Electrical – Tried to remove one GU10 bulb, afterwards lost the entire fixture

electrical

We are in a new-to-us home, and the breakfast nook has a hanging fixture with 5 GU10 (or at least I think they are GU10) bulbs, all in a row. The 4th one has been dark since we moved in so I decided to tackle it earlier today.
After much wrasslin' and cussin', I ended up breaking the bulb despite trying the rubber gloves 'push and turn' method.
After getting most of it out, glass shards and all, some of it was still left in there so I tried some pliers, only making the problem worse.
Left it for another day, but as I was about to close up for the night I dimmed this fixture (the fixture uses a Lutron I believe) and after working as normal for a few minutes there was a sound like something between a loud click and a snap, and the entire fixture went dark.
The dimmer switch does not respond at all, and nothing lights up on the little dots in the switch. The breaker panel is all fine, nothing tripped.
I am concerned this could be a fire issue, and of course I'd like to get the fixture working again, even with 4 out of 5 bulbs.
What is the likely problem? Is the fixture toast, or the dimmer, or both? How do I go about troubleshooting? I've done light electrical work before (and one time, in a foolish prior life, actually added a 20 amp breaker to a box but I won't be trying that again). I do have some tools but before trying anything I thought I'd check here first.
Thanks in advance!

Best Answer

Just replace the stupid fixture. The entire point of the GU10 was to force people to stop using filament bulbs and replace them with Compact Flourescent bulbs. This was in the days when the cost for CFC was higher than filament and the lifetime was the same as filament so naturally nobody was interested in buying them except California who was struggling with the shortage of generation capacity due to their stupidity in electrical regulation.

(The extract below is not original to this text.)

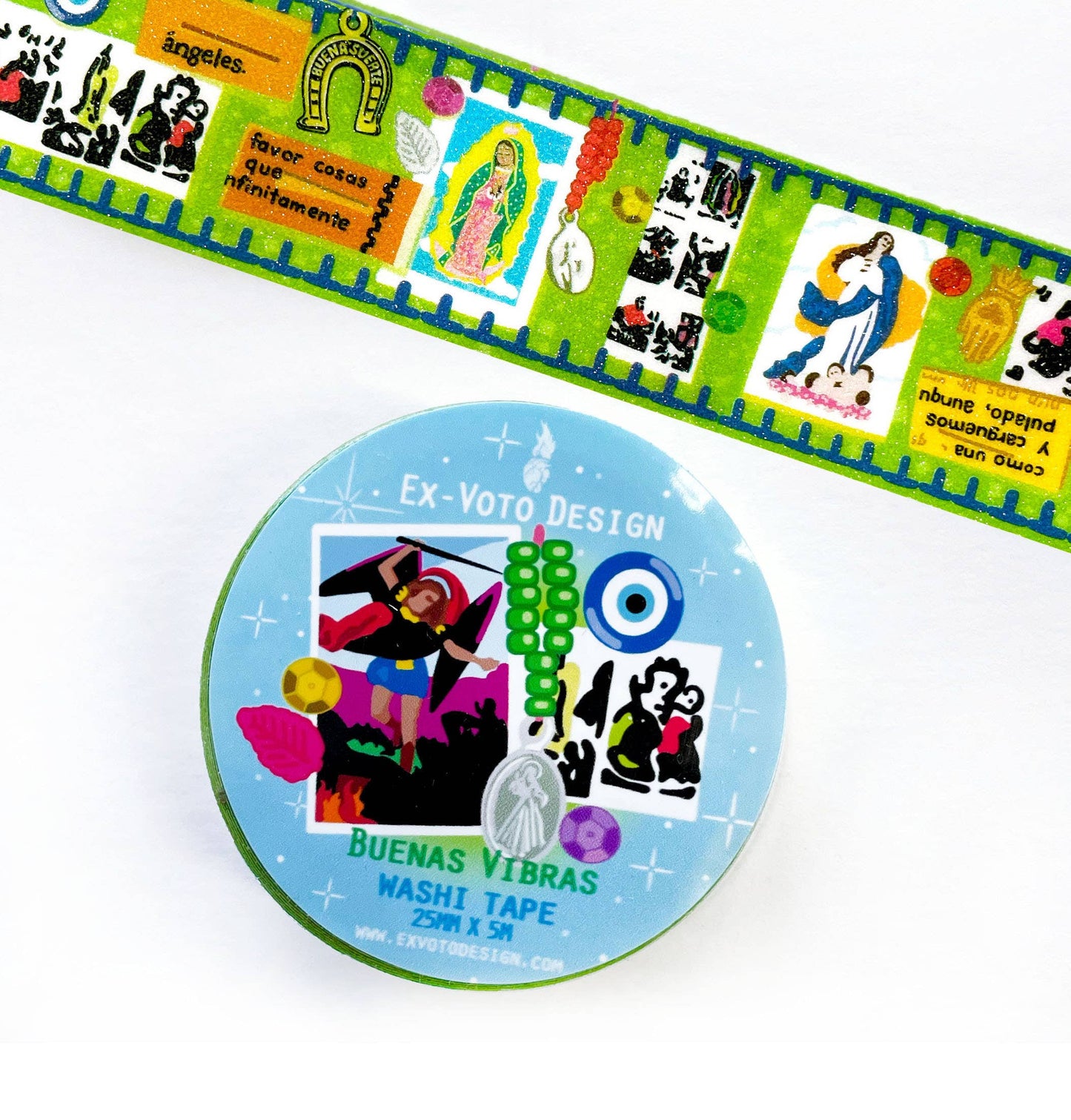 BUENAS VIBRAS Washi Tape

Today, with LEDs the Edison-base replacement market -DWARFS- the GU10 market and with LEDs costing the same as filament and the lifetimes of them so much longer, there is no need for goofy sockets to force people to replace lights with LEDs the cost savings and reduced replacement intervals are plenty good enough for that. The final nail in the GU10 socket was when CA stopped requiring them in new construction.

I haven't seen a new GU10 fixture at Home Depot for quite a while now. Everything is Edison-base and the vast majority of LED bulbs are Edison-base. They have a few token GU10's in basic sizes for apartment dwellers stuck with this strange deviation from what has got to be the most foolproof light socket ever designed, but the cost of GU10 bulbs is rising as the demand has been falling and we all know where that vicious circle is headed.

The former owner of the home knew the future of that light in your nook was fixture replacement and left it for you to do. Take your wife shopping at HD and let her pick out a new fixture and get some good husband brownie points for this one.